Partly, I've been dealing with a nagging injury from last December, and
my body finally issued a stop work order a few weeks ago that even I
wasn't able to set aside. Some self-care has been in order, and is in
order, for awhile to come.My harness doesn't tighten down quite the way it should... my training
dropped off entirely for a few necessary weeks. During that time, life
was family -> work -> family -> work ... lather, rinse and
repeat. It was a bit of a blessing in disguise, since the covalent
bonds that connect me to the people I love and who love me back are ...
not stronger, since they're always strong, but I've been reminded of
them, and now's a good time for that, since my life is even a little
less conventional right now than my normal level of unconventional. As I move through this world so close to home but not home, I'm thinking
a lot about friends who are getting ready to head to far flung places.
This Everest season is unlike years past for me, where I was able to
lightly follow the action
from the comfort of my laptop and then watch the post-season
documentaries with my climbing friends as a form of entertainment, this
season is closer to home. I'm thinking positive thoughts of health,
safety and success for each friend headed for the mountain -- the
blessing bestowed upon me during my wander through the region last fall. I'm looking forward to the next few days of work, and then to a few days
closer to home, hopefully involving friends, family, and playing
outside. And probably, a whole lot of salad and trail running. Next
week, if plans hold, takes me down to Red Rock for the Red Rock
Rendezvous, an event that will truly blur the line between work and play
for me.

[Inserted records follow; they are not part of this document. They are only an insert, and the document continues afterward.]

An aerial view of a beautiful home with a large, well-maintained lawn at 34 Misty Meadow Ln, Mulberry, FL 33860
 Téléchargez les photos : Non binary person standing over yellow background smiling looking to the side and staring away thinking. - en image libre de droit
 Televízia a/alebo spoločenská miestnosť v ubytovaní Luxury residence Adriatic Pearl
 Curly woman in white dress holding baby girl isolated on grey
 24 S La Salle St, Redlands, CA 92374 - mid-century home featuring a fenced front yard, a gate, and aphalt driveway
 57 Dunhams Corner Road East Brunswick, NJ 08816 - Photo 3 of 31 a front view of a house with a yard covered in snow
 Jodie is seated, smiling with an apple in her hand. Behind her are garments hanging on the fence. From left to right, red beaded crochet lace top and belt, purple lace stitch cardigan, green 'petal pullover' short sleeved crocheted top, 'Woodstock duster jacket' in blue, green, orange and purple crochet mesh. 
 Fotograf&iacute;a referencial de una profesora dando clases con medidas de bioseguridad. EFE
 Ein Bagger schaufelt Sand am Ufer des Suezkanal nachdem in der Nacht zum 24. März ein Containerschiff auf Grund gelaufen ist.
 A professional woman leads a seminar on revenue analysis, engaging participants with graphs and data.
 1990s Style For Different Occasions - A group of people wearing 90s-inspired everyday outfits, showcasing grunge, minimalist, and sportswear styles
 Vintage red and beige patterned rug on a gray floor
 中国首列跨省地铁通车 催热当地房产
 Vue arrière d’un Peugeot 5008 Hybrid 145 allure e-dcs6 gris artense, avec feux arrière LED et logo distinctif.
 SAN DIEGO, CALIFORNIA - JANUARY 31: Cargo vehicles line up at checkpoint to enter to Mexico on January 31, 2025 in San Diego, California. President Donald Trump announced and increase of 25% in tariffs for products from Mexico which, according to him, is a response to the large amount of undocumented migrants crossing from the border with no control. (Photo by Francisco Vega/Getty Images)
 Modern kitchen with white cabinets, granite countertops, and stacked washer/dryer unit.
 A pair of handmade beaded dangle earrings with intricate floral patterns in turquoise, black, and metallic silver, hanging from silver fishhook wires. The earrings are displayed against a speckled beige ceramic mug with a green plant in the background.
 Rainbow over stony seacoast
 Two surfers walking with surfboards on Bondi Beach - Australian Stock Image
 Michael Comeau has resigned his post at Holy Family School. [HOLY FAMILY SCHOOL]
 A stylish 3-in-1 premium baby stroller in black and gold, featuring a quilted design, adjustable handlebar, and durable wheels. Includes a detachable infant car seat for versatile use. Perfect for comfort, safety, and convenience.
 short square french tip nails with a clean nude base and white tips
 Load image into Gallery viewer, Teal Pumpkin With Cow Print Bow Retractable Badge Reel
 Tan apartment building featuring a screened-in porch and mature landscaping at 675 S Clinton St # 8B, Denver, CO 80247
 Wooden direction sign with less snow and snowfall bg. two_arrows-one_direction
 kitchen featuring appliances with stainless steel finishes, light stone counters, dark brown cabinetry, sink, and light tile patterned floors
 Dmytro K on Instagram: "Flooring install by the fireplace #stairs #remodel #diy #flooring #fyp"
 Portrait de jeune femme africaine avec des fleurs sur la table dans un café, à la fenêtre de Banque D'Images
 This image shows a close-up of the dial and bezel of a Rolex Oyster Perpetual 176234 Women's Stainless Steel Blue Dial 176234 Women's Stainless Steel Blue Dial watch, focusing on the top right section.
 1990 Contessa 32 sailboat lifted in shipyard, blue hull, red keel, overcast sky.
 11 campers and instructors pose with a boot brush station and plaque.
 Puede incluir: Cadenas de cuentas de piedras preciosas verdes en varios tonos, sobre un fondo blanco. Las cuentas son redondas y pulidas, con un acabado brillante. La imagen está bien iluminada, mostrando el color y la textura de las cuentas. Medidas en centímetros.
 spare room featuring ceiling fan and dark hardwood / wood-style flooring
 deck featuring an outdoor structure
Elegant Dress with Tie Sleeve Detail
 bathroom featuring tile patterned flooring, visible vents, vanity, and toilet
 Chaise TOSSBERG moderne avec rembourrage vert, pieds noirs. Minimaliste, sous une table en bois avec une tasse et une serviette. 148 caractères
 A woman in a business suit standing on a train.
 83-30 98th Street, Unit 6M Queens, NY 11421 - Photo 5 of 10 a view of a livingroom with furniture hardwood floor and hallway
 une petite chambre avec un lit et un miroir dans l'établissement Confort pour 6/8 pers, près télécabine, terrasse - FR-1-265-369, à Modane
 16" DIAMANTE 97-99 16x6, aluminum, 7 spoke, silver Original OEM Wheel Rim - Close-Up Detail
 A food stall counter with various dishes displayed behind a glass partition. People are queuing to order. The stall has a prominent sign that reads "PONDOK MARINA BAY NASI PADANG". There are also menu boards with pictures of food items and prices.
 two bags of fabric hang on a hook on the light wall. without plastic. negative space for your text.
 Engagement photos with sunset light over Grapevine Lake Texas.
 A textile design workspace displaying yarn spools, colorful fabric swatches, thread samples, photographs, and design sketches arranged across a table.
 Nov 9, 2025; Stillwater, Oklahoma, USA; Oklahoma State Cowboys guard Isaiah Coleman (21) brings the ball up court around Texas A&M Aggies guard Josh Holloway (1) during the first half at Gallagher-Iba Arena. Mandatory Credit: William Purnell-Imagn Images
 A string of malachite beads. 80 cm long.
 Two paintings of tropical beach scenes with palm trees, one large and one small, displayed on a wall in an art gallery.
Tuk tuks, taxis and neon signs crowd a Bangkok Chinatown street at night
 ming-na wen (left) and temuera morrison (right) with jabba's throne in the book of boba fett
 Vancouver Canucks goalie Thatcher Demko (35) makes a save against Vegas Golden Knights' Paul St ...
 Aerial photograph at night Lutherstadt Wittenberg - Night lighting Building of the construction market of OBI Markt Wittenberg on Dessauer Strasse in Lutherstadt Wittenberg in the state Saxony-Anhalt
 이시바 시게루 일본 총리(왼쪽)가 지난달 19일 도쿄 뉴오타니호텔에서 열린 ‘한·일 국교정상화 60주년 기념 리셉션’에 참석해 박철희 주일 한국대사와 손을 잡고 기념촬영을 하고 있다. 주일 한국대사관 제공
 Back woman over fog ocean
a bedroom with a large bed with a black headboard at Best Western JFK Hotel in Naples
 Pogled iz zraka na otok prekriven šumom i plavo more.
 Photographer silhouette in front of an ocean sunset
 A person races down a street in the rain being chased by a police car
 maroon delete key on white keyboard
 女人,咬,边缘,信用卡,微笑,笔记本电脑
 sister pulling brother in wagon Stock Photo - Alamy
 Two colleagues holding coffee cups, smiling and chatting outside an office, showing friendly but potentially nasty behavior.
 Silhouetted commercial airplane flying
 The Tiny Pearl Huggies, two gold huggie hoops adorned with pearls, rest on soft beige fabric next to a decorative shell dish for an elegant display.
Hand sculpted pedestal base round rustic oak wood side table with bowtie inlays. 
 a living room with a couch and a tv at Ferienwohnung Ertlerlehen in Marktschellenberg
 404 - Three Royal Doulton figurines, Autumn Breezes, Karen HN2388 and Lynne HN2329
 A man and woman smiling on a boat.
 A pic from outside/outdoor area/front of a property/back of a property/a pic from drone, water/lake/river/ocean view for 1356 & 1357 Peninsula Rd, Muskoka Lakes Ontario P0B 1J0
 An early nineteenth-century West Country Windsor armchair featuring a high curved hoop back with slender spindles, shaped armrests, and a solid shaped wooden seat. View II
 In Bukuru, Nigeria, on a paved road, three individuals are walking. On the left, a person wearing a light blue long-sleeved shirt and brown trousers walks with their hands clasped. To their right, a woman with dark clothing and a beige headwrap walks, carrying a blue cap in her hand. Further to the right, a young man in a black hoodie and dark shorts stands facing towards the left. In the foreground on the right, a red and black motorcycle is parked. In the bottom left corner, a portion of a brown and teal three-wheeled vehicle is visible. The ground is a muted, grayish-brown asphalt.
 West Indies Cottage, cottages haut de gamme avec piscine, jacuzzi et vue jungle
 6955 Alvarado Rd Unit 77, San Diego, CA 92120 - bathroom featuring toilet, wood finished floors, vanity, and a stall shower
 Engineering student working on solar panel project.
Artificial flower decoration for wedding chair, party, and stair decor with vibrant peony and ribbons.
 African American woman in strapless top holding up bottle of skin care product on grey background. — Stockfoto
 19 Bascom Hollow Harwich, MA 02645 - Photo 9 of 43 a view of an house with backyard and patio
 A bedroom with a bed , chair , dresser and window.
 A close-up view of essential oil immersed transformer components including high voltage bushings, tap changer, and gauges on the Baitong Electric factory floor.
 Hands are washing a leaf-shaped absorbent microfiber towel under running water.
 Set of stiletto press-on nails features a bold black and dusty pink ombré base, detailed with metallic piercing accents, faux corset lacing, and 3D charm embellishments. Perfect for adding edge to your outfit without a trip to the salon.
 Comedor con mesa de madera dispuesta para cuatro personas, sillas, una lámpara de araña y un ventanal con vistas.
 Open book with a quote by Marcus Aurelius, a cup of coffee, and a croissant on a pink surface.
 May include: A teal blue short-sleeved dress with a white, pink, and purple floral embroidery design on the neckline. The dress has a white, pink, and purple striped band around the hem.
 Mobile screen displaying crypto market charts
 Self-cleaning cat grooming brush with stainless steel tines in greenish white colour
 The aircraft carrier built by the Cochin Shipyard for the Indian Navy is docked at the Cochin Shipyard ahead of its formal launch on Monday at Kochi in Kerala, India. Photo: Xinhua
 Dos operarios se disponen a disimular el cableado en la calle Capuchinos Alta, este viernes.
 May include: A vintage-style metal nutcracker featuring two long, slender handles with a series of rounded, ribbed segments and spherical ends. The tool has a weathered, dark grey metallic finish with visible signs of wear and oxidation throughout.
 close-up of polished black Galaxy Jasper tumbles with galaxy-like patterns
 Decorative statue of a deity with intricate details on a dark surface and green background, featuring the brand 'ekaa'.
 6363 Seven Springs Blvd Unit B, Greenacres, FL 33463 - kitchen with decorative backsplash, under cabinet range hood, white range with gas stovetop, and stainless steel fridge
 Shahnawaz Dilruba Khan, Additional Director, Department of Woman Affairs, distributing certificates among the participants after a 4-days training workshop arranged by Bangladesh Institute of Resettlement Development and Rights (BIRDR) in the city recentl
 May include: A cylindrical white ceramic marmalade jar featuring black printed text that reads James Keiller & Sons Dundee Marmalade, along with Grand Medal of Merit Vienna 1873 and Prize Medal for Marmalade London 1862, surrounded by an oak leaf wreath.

I'm hoping for at least a bit of cragging while I'm there...
I'm not in epic, long, trad-leading shape, at the moment, but I am
excited about the prospect for getting in some bolt clipping in between
work commitments while I'm there and seeing so many friends (and making
so many new ones) all in one place.If you've emailed / messaged / commented / etc and not gotten a response
from me, I apologize. I usually manage to keep up, but just trust me
when I say that the last few months have been unusual to a degree that I
just wasn't able to respond to everything. I did / do read everything,
though, and appreciate all the support and encouragement and concern and
love, and look forward to life returning to a more normal level of
abnormal, and being able to keep in touch better than I have been.Take good care, and hopefully it won't be a month before my next post.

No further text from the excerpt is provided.